Sixteen years ago, Allen Newell argued for a theory of how the individual parts of the mind are combined. He pioneered the SOAR architecture, and is considered one of the fathers of modern cognitive science. Using many of the guidelines that Newell proposed, The Adaptive Control of Thought theory (which has undergone several version changes since the seventies) has become the most sophisticated theory of human cognition. It recently underwent a name change to become The Adaptive Control of Thought — Rational (ACT-R) theory. Developed primarily by John Anderson (in concert with a number of other researchers over the years), ACT was described by Newell as “the first unified theory of cognition.” A recent version of ACT-R was the subject of discussion in “An Integrated Theory of the Mind” (2004), and it is this paper that I will be discussing.
The intent of “An Integrated Theory of the Mind” is to present an integrated model of the mind that can be used for real-life situations and study, as opposed to more isolated studies of language or sensory processing.
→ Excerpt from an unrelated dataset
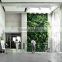 durable and high destiny vertical green wall system fake plant wall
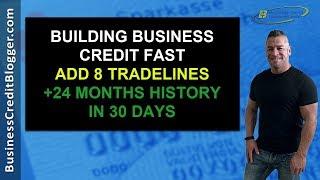 Building Business Credit Fast - Business Credit 2020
Primarily, it is a hypothesis about how individual modules are integrated with each other, and how they interact to produce complex behaviour and cognition. The second major aim of the paper is to develop a model with the capability to mine the huge swathes of data emerging from brain imaging studies, especially those that concern themselves with more than one region of the brain. Because of the complexity of higher-level cognition, such analysis would be very difficult without such a model.
In pursuit of these intentions, the authors have developed ACT-R 5.0, which is a model composed of a number of distinct modules: the perceptual-motor module (decomposed even further into visual and motor modules) for communication with the outside world, the goal/intentional module for keeping track of goals and intentions, and the declarative module for declarative memory. Each of these modules has an associated buffer, which is its only method of communication with the other modules. The perceptual-motor, goal and declarative modules are each connected to a central production system through these buffers, and it controls any request or retrieval of information from them. Although there are plans to build in the ability for the modules to communicate with each other, for now the only communication in ACT-R is mediated by this production system.
The crux of cognition is the selection and execution of production rules, which are “if…then” rules defining how to operate given the current situation and information at hand. The production system works on information in the buffers, and only this information is what we are aware of at any given moment. We are not aware, for example, of everything we have ever stored in our declarative memory. We are only aware of the chunk that we have currently retrieved and which is located in the declarative buffer.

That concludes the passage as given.